- _Task details_
Wherever a picture sits, omit it. Output the rest of the listing exactly.

- _Collected material_
________

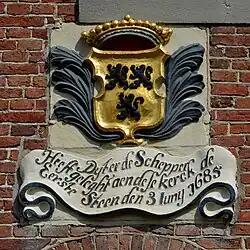 Gevelsteen in de Dorpskerk te Surhuisterveen die de eerstesteenlegging door Pieter de Schepper in 1685 herdenkt.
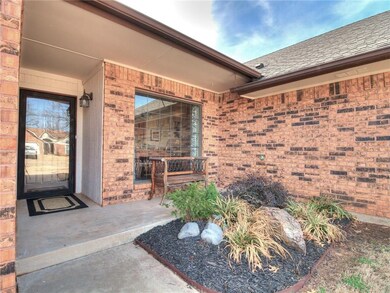 2124 NE 9th St, Moore, OK 73160 - photo 2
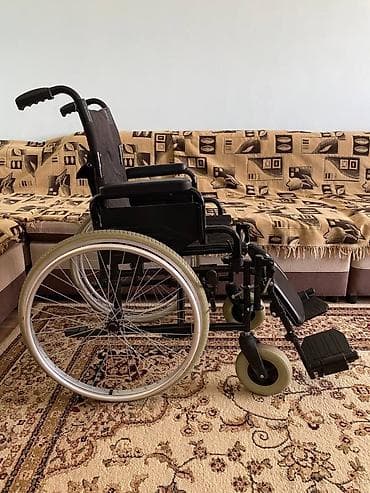 Медицинская мебель: Инвалидная коляска б/у но в хорошем состоянии т.к. пользовались — 3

________

- _Your solution_
 Gevelsteen in de Dorpskerk te Surhuisterveen die de eerstesteenlegging door Pieter de Schepper in 1685 herdenkt.
 2124 NE 9th St, Moore, OK 73160 - photo 2
 Медицинская мебель: Инвалидная коляска б/у но в хорошем состоянии т.к. пользовались — 3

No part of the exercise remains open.